_Records supplied_.
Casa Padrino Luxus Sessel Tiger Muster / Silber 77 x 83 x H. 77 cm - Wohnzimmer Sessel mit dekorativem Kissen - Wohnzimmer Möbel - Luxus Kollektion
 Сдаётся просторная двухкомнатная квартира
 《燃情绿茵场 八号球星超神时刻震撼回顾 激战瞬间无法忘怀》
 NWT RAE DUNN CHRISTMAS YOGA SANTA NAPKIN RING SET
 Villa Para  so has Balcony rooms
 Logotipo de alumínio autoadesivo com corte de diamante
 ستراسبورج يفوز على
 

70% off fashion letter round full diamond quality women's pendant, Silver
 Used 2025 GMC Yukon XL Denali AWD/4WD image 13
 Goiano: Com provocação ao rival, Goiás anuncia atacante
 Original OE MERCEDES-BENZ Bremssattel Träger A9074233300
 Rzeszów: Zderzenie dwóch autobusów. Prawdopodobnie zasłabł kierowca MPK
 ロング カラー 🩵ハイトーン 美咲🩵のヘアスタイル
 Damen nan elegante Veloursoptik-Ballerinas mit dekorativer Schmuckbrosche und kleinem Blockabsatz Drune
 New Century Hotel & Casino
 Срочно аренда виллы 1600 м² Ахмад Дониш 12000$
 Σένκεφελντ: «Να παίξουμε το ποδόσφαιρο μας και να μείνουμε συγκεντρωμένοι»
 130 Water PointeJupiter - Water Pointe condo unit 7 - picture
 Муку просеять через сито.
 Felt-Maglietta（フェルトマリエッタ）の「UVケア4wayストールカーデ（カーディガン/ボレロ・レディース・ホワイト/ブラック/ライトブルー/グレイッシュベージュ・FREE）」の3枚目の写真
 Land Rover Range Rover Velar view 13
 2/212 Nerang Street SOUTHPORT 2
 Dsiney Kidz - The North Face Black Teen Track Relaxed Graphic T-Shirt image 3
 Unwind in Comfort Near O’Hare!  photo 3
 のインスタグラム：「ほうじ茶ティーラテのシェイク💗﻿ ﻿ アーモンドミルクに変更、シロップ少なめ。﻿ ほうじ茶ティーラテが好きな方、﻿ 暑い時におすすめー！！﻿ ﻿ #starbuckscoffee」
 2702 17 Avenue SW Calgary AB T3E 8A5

_What the task asks_.
Beginning at the line with "Муку просеять через сито." and ending at the last line of the entries, print every line exactly.

_Result for this task_.
 Муку просеять через сито.
 Felt-Maglietta（フェルトマリエッタ）の「UVケア4wayストールカーデ（カーディガン/ボレロ・レディース・ホワイト/ブラック/ライトブルー/グレイッシュベージュ・FREE）」の3枚目の写真
 Land Rover Range Rover Velar view 13
 2/212 Nerang Street SOUTHPORT 2
 Dsiney Kidz - The North Face Black Teen Track Relaxed Graphic T-Shirt image 3
 Unwind in Comfort Near O’Hare!  photo 3
 のインスタグラム：「ほうじ茶ティーラテのシェイク💗﻿ ﻿ アーモンドミルクに変更、シロップ少なめ。﻿ ほうじ茶ティーラテが好きな方、﻿ 暑い時におすすめー！！﻿ ﻿ #starbuckscoffee」
 2702 17 Avenue SW Calgary AB T3E 8A5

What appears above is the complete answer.